**What to do:** Copy word for word the lines of the records below, beginning at the one with "Young girl in" and finishing at the one with "man wearing black crew-neck t-shirt", ends included, but none of the pictures.

**Available records:**
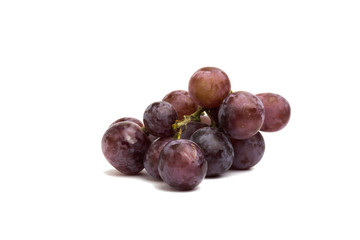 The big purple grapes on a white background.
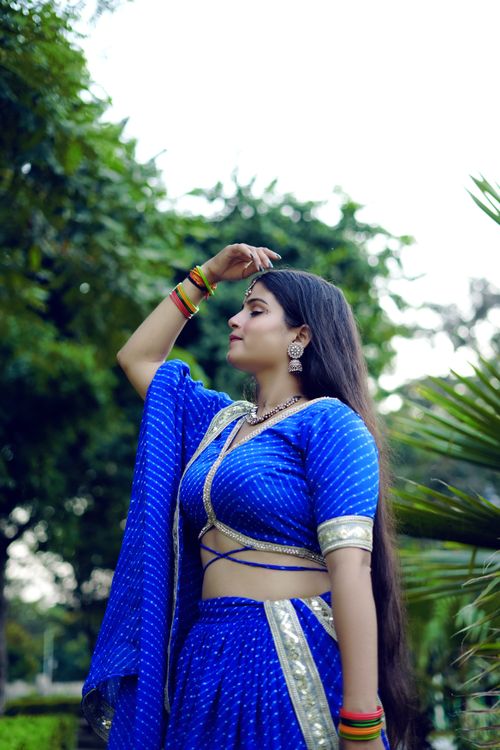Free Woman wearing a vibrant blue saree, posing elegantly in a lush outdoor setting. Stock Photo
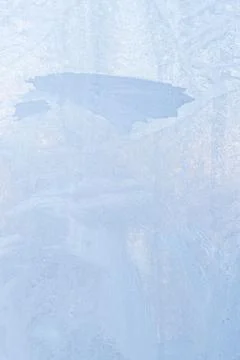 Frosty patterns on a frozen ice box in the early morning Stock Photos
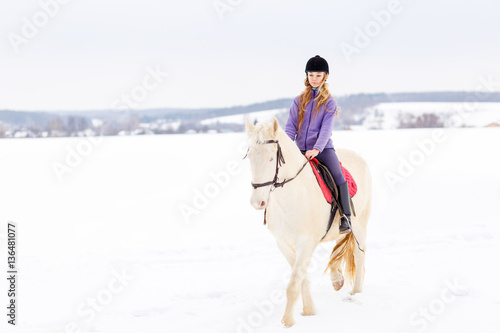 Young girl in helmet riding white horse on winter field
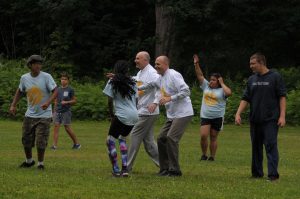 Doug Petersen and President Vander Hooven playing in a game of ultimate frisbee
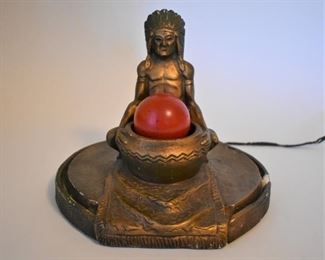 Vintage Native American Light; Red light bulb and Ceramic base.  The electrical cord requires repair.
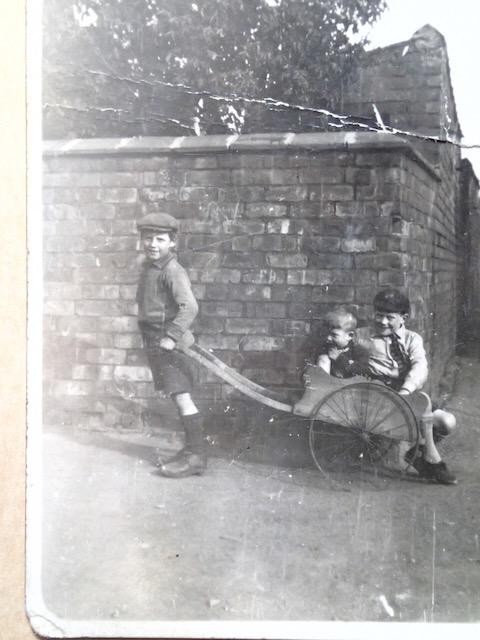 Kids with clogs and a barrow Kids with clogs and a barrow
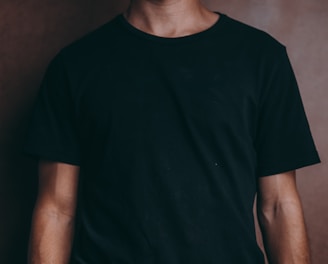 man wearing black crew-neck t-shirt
--
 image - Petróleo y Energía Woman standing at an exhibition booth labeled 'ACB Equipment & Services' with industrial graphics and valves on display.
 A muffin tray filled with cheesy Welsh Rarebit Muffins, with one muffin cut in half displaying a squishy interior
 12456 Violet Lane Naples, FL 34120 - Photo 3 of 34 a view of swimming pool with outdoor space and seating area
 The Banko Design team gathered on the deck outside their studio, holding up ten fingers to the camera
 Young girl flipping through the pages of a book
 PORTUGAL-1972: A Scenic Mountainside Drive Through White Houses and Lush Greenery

**Answer to this problem:**
 Young girl in helmet riding white horse on winter field
 Doug Petersen and President Vander Hooven playing in a game of ultimate frisbee
 Vintage Native American Light; Red light bulb and Ceramic base.  The electrical cord requires repair.
 Kids with clogs and a barrow Kids with clogs and a barrow
 man wearing black crew-neck t-shirt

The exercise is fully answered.